The records below must be reproduced exactly. Strip out the pictures.

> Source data
*** Begin section ***

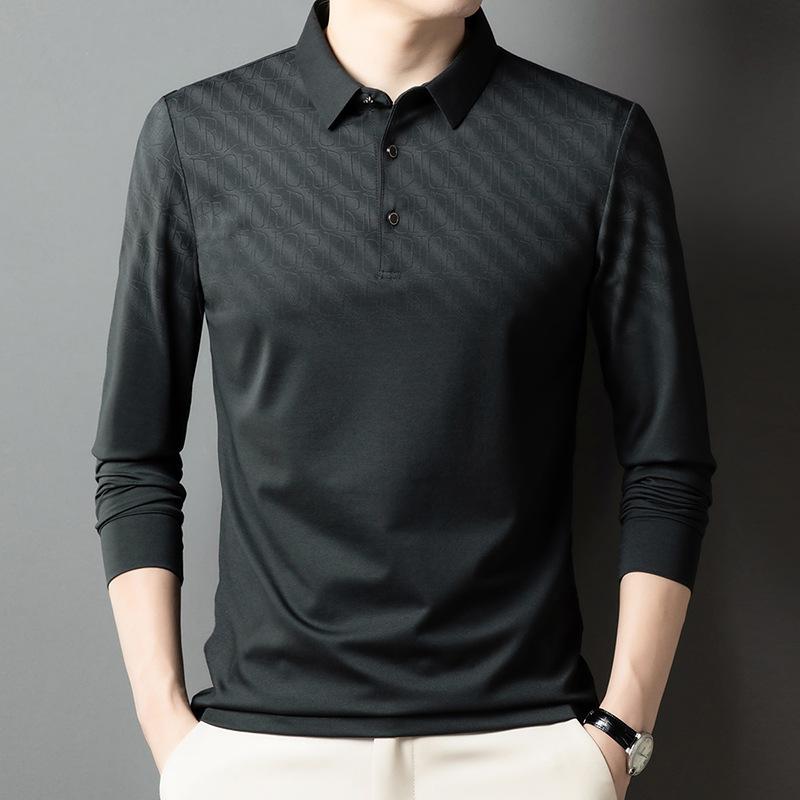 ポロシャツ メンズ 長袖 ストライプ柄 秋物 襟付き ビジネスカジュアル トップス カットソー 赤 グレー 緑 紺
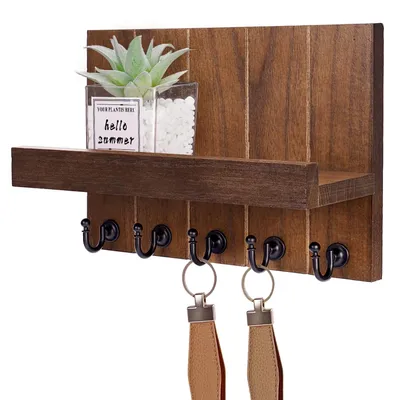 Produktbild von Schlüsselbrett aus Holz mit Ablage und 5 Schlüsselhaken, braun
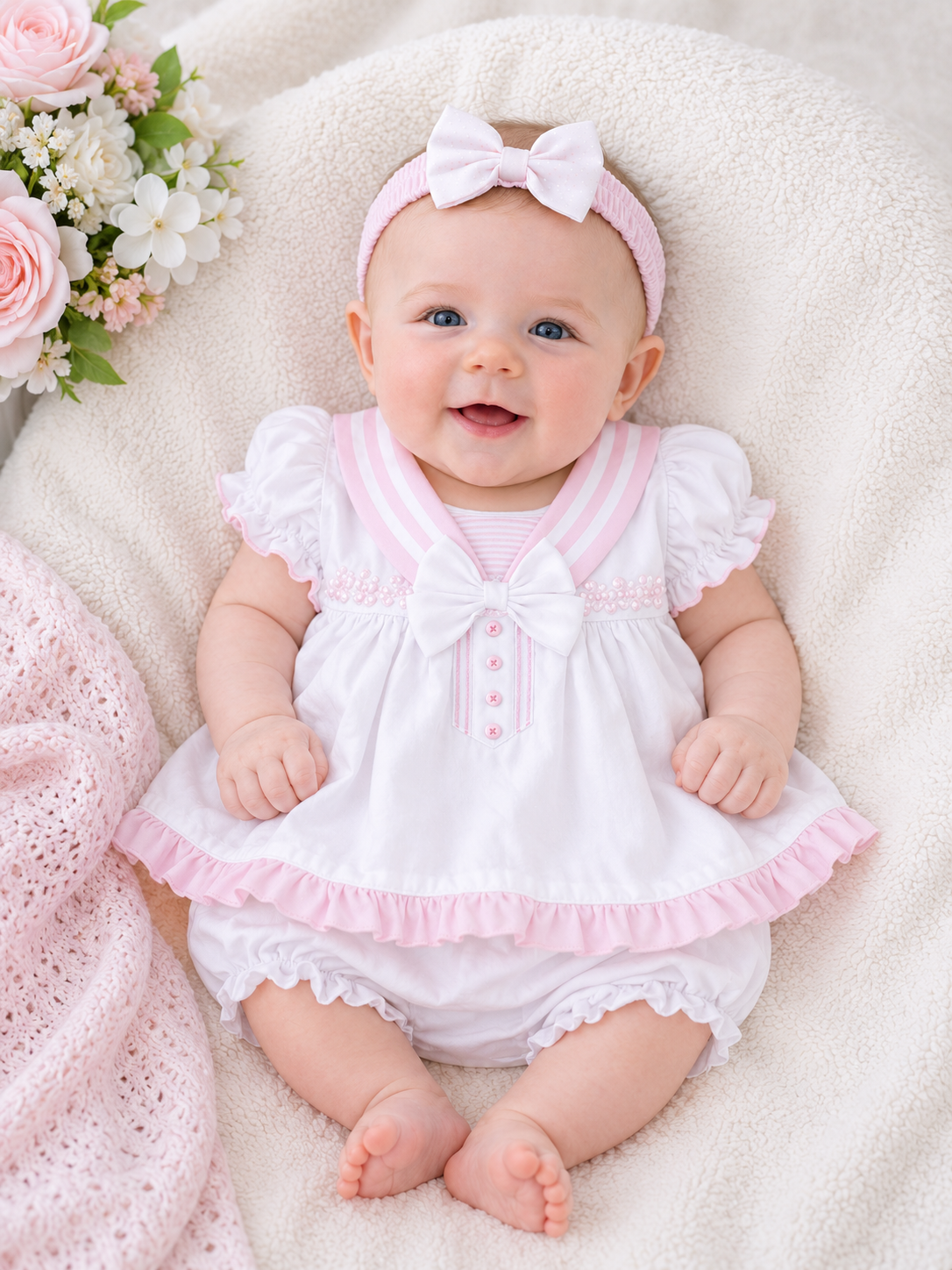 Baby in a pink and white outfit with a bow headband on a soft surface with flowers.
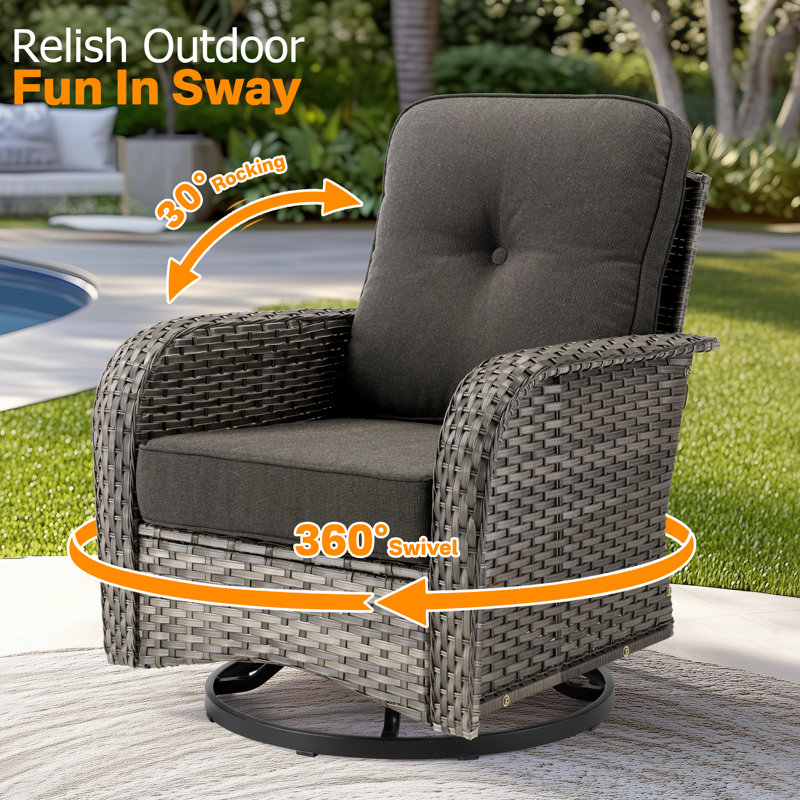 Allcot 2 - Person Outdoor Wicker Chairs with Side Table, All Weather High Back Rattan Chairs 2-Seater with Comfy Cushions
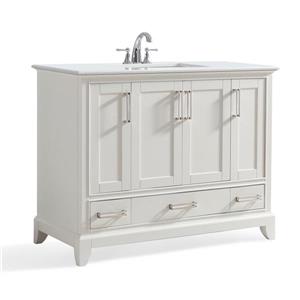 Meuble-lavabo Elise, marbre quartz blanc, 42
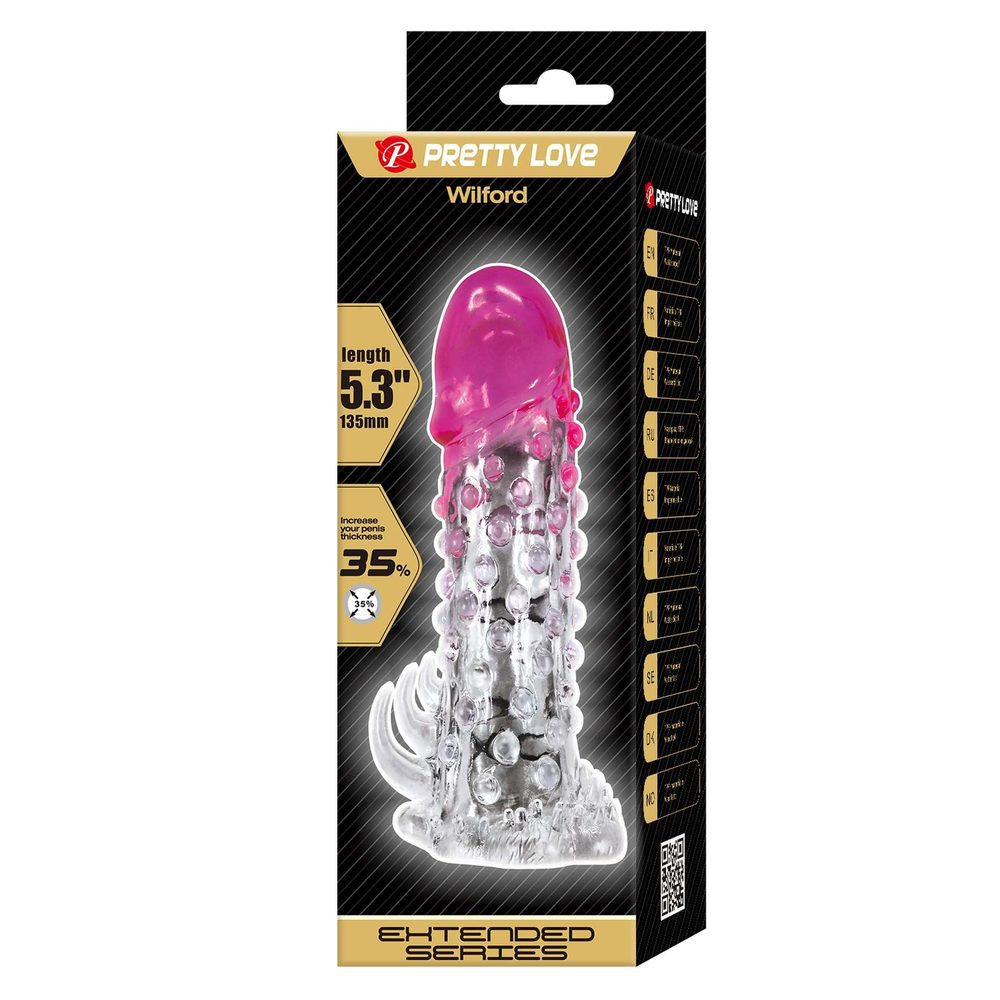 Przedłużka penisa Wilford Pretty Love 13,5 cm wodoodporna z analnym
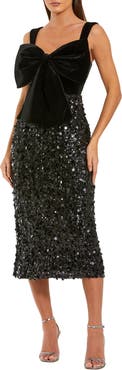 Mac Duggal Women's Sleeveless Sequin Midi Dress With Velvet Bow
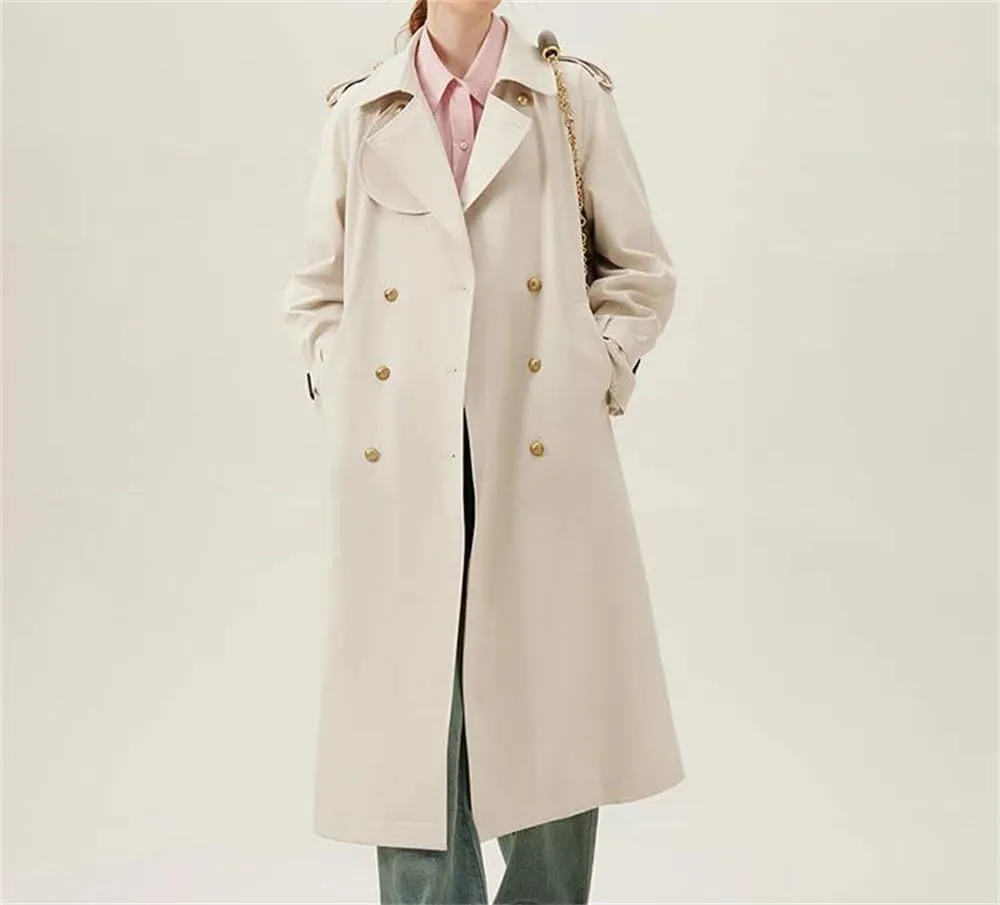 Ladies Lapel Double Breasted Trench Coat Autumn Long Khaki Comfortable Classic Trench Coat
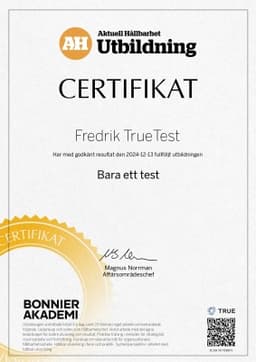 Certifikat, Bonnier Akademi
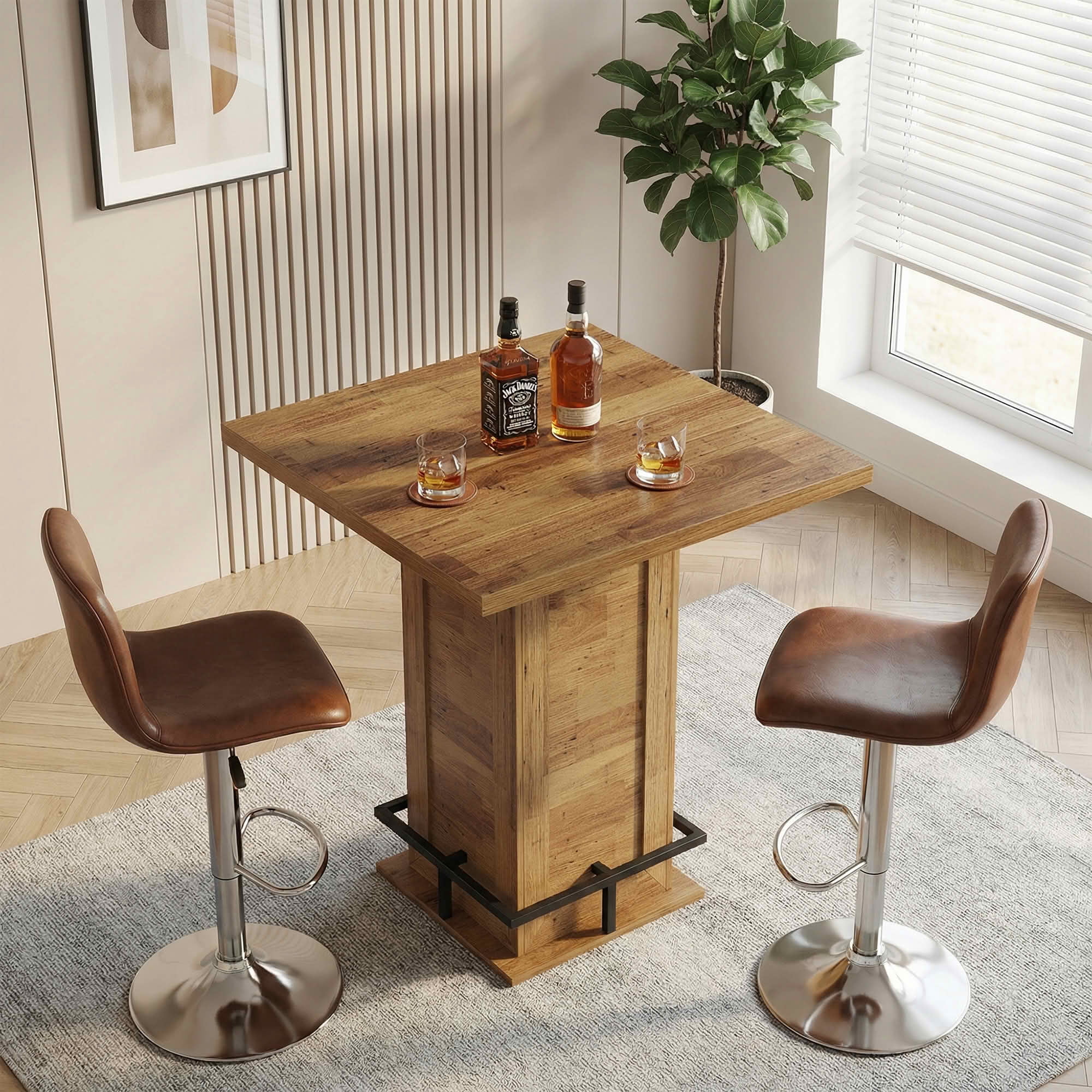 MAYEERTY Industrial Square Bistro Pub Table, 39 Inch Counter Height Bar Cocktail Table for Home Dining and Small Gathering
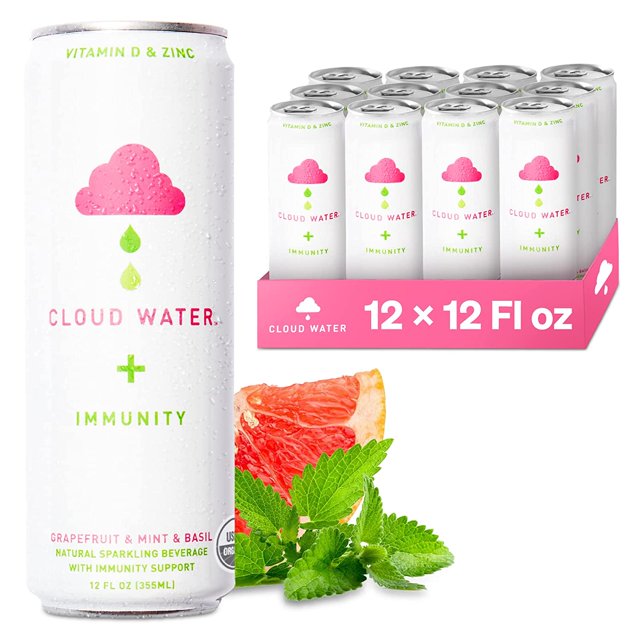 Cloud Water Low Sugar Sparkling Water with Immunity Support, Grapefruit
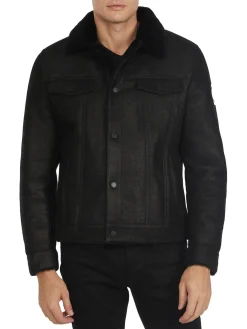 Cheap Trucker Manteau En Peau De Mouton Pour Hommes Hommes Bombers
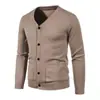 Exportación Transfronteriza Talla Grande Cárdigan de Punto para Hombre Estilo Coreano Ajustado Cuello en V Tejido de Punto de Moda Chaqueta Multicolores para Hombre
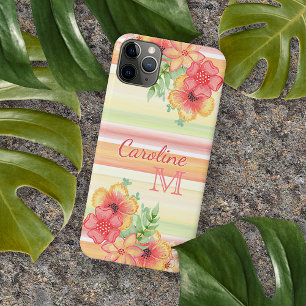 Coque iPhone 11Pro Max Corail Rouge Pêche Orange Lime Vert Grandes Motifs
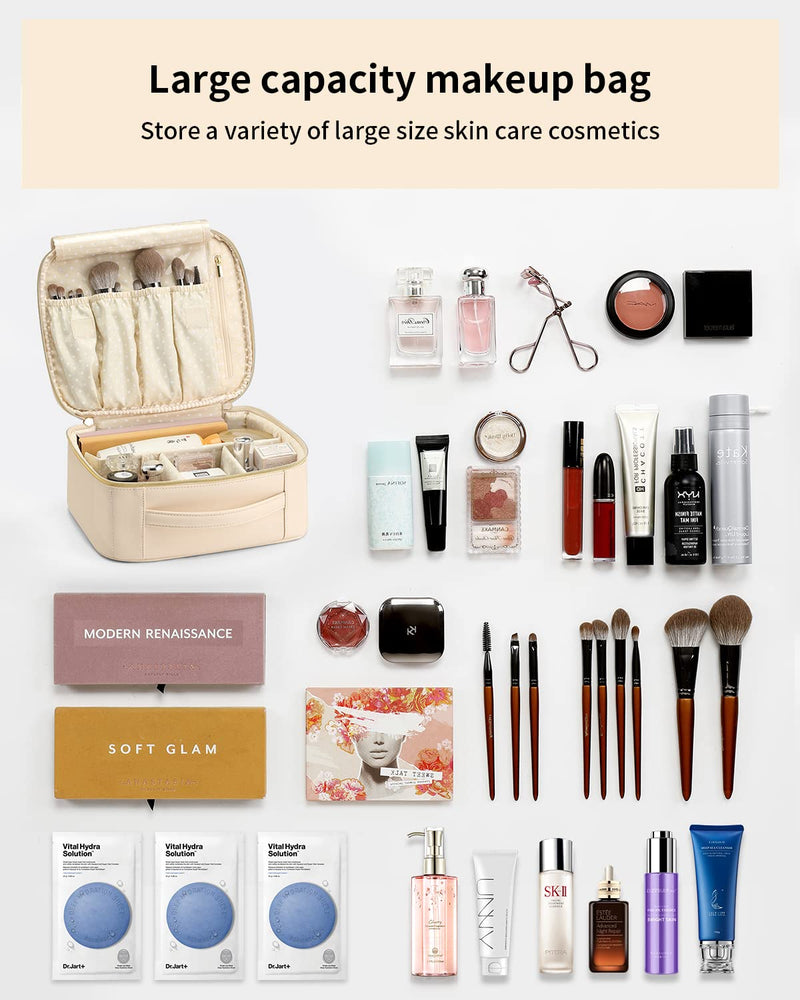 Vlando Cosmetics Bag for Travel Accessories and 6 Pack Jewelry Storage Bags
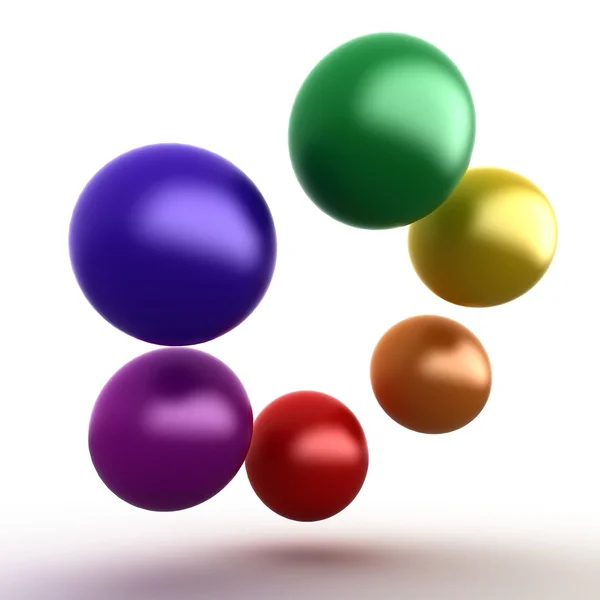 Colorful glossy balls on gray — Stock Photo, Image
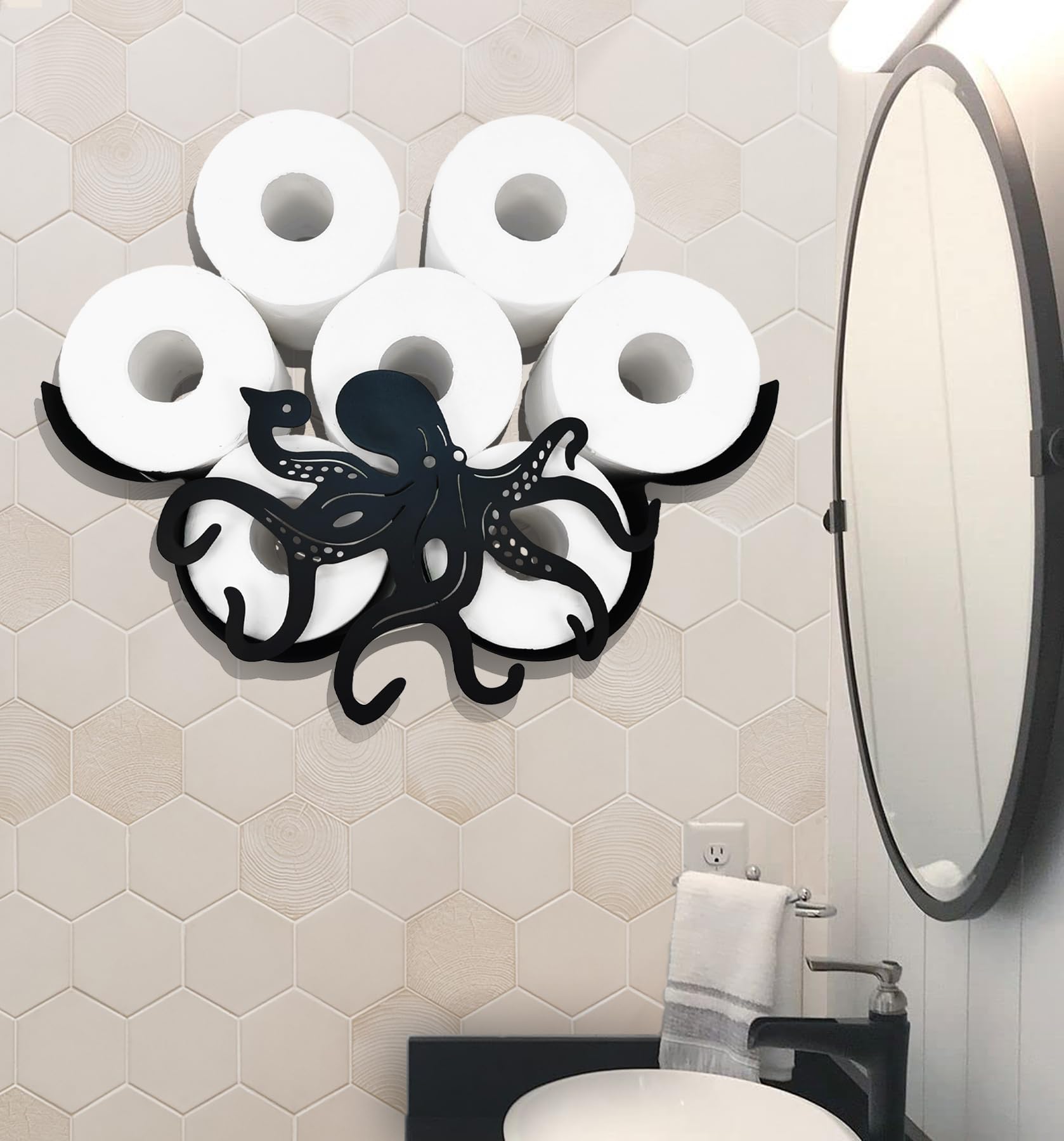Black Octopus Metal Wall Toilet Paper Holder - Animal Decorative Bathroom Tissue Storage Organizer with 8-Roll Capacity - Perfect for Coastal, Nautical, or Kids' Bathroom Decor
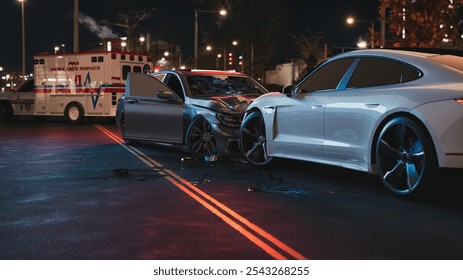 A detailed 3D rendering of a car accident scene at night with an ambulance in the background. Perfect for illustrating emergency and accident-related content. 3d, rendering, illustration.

*** End section ***

> Answer to this problem
 ポロシャツ メンズ 長袖 ストライプ柄 秋物 襟付き ビジネスカジュアル トップス カットソー 赤 グレー 緑 紺
 Produktbild von Schlüsselbrett aus Holz mit Ablage und 5 Schlüsselhaken, braun
 Baby in a pink and white outfit with a bow headband on a soft surface with flowers.
 Allcot 2 - Person Outdoor Wicker Chairs with Side Table, All Weather High Back Rattan Chairs 2-Seater with Comfy Cushions
 Meuble-lavabo Elise, marbre quartz blanc, 42
 Przedłużka penisa Wilford Pretty Love 13,5 cm wodoodporna z analnym
 Mac Duggal Women's Sleeveless Sequin Midi Dress With Velvet Bow
 Ladies Lapel Double Breasted Trench Coat Autumn Long Khaki Comfortable Classic Trench Coat
 Certifikat, Bonnier Akademi
 MAYEERTY Industrial Square Bistro Pub Table, 39 Inch Counter Height Bar Cocktail Table for Home Dining and Small Gathering
 Cloud Water Low Sugar Sparkling Water with Immunity Support, Grapefruit
 Cheap Trucker Manteau En Peau De Mouton Pour Hommes Hommes Bombers
 Exportación Transfronteriza Talla Grande Cárdigan de Punto para Hombre Estilo Coreano Ajustado Cuello en V Tejido de Punto de Moda Chaqueta Multicolores para Hombre
 Coque iPhone 11Pro Max Corail Rouge Pêche Orange Lime Vert Grandes Motifs
 Vlando Cosmetics Bag for Travel Accessories and 6 Pack Jewelry Storage Bags
 Colorful glossy balls on gray — Stock Photo, Image
Black Octopus Metal Wall Toilet Paper Holder - Animal Decorative Bathroom Tissue Storage Organizer with 8-Roll Capacity - Perfect for Coastal, Nautical, or Kids' Bathroom Decor
 A detailed 3D rendering of a car accident scene at night with an ambulance in the background. Perfect for illustrating emergency and accident-related content. 3d, rendering, illustration.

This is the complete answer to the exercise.